On opportunities in the South African market and his exposure to SA stocks
We only have a 1% position in a company in South Africa and that is Thungela. We did very well on Thungela on the way up and have been nibbling after the substantial pullback. We do have the luxury of looking around the world. So I can go buy the European food retailer and then I can buy the American food retailer because that’s attractively priced and I can buy the European car manufacturer and I can buy the South African coal mine. So that is the luxury that we have. We can cherry-pick.
There are some South African banks that sound attractive but Santander’s has six times earnings, so I can buy a six times earnings company in South Africa or Santander. Santander would be more liquid and I won’t have to worry about the currency as much. So that, I think, is a factor. Now, you could argue that the South African companies make a higher return on equity than Santander. Yes, but I think Santanders will be working off a lower base, etc. So, I think I have the luxury of being an international investor and I can choose to invest wherever. Would I rather buy Sasol? No ways. Petrobras over Sasol every day of the week because the Brazilian government has 50% of Petrobras. So they have an incentive in making sure this business is profitable. The South African government does not own 50% in Sasol. And, who knows, we could wake up tomorrow and the basic fuel price levy formula has changed.

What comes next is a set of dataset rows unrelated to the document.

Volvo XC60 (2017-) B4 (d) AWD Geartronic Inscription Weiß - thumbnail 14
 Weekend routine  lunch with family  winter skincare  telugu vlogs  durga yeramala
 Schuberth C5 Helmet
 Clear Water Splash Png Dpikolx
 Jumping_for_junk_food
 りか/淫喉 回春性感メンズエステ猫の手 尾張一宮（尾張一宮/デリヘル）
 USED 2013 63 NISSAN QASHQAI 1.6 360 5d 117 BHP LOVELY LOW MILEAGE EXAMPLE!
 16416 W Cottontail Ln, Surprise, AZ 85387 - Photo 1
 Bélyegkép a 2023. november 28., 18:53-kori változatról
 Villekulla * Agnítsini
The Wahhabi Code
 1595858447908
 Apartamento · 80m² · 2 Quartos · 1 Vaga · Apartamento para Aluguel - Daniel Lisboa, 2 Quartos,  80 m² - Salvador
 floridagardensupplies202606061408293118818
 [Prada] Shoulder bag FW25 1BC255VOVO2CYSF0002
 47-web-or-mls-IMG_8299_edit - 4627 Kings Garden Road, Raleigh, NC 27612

On how they’re incentivised
Asset management is very lucrative, but not if you’re a tiny boutique like we are. Hopefully at one point it will be lucrative and what we’ve publicly said in our prospectus has just been revised up: as we grow our fees are coming down. There’s a sliding scale in the prospectus. So we trying to do that. There’s a thing called active share that I think everybody should look at. How different are you from the index if you have low active share and you’re very similar to the index, invest in the passive. If you have high active share well I’m offering something different. So if I’m offering something different, then why must investors pay the rates of the passive. The problem is that in theory it’s great but then you charge performance fees- but over what period? And what’s the mechanism? They’re very complex things. If you’re a daily dealing fund, like we are, do you have a new series for every investor every day. Because if you invest today and it goes up, will you have watermarks different to the guy who invested yesterday? So you’ve got to have a new mechanism. It can get really complex from an administrator. And that’s why many hedge funds only deal monthly so that you have a different series for each month. And then when they all hit high watermark, they all convert etc. So, all we’re going to do is charge a fair fee. If I charged a performance fee based on my peers, I think, the peer benchmark would have been 5% last year and we didn’t. So I just want to charge a fair fee and we’re not getting rich, I can promise you. And when we do, it’s all going to go back – 25% of our revenue is going to go to charitable causes that our clients are going to choose.